L’accord. Et ils vous parlent, tous, des 33 otages (98 sont encore détenus, on suppose qu’un tiers sont décédés) qui seront libérés sans mettre l’accent sur la méthode : « pendant 42 jours : la première semaine, trois le premier jour, quatre le dernier … » le supplice chinois de la goutte qui tombe. A commencer de ce dimanche, les deux premiers otages qui seront libérés seront deux des derniers israélo-américains qui restaient. Pas les deux franco-israéliens encore en vie après le meurtre des 42 autres.
M. Trump qui a le triomphe facile a fait savoir avant tout le monde que « nous avons un accord pour les otages » Il n’est pas exclu qu’il ne se révèle pas pernicieux pour la suite des évènements au Proche Orient car le Hamas et les autres proxies de l’Iran, continueront à mener la guerre contre Israël, quelles que soient les actions de cette dernière. L’absence de perspicacité stratégique semble flagrante, ce qui rend perplexe et pousse à se demander pourquoi l’auteur de "The Art of the Deal" a poussé Israël à signer un deal qui revient essentiellement à un pacte avec son ennemi juré. Et qui le qualifie (comme l’Iran, d’ailleurs) de « grande victoire du peuple palestinien contre l’occupation » Comment imaginer que l’accord n’encouragera pas la prise d’otages ? Depuis le 7 octobre, Israël s’est battu sur plusieurs fronts, en détruisant (pour l’essentiel) le Hezbollah et en affaiblissant l’Iran. Seul le Hamas donne l’impression de sortir de la guerre en prétendant avoir forcé la main d’Israël. Oui, car il disposait des otages.

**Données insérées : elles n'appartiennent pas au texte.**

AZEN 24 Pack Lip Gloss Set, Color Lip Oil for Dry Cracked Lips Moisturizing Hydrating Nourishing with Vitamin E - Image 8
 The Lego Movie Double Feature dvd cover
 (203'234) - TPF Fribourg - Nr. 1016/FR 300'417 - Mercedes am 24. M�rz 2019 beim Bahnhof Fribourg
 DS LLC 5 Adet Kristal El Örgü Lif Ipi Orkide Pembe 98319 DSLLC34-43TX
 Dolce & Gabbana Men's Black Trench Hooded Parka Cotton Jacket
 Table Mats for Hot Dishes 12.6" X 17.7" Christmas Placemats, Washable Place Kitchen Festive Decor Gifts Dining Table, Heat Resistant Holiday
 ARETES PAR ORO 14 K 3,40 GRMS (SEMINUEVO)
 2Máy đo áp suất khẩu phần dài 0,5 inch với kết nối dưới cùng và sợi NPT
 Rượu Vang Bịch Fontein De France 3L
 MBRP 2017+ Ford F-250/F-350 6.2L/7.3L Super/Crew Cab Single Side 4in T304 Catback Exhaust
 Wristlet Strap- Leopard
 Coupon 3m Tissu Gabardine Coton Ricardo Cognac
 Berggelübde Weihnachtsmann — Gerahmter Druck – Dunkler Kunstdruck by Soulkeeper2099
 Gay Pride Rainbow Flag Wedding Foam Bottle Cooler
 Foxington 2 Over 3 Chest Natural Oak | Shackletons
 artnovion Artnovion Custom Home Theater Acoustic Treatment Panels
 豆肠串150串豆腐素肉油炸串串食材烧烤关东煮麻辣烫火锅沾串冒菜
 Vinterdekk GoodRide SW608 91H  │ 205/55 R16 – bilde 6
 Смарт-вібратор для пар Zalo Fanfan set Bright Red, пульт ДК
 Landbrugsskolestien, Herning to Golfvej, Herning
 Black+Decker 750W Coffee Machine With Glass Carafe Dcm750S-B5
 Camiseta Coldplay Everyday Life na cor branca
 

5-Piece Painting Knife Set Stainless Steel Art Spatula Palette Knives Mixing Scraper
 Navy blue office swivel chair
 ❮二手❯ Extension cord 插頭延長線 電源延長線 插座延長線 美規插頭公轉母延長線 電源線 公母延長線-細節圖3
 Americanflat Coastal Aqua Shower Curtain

Comment ne pas réaliser que libérer des milliers de terroristes du Hamas, des centaines avec du sang sur les mains et condamnés à des peines perpétuelles, conduira inévitablement, à plus de terrorisme ? Les opposants à l’accord sont soutenus par les données qui s’accumulent depuis des dizaines d’années.
Israël est confrontée à une question de priorités, malheureusement trop familière : l’impératif moral immédiat de sauver des vies justifie-t-il les risques pour la sécurité nationale et la stabilité future ? Et l’acceptation de tels termes indique-t-elle la force de son humanité ou la faiblesse de sa résolution ? Quelle que soit l’issue, les conséquences de cet accord se répercuteront sur les années à venir. Israël n’est pas étranger aux décisions difficiles, mais celle-ci – comme tant d’autres avant elle – force la nation à affronter le cœur même de son identité, de ses valeurs et de sa survie. Et ce respect de l’humanité est considéré par beaucoup d’ennemis d’Israël comme sa kryptonite – une faiblesse qui ne fera que rendre la prise d’otages future plus probable et plus extrême. Seul le temps nous dira si ce pari conduira à une résolution ou à un regret. (The Spectator, 13.01.25)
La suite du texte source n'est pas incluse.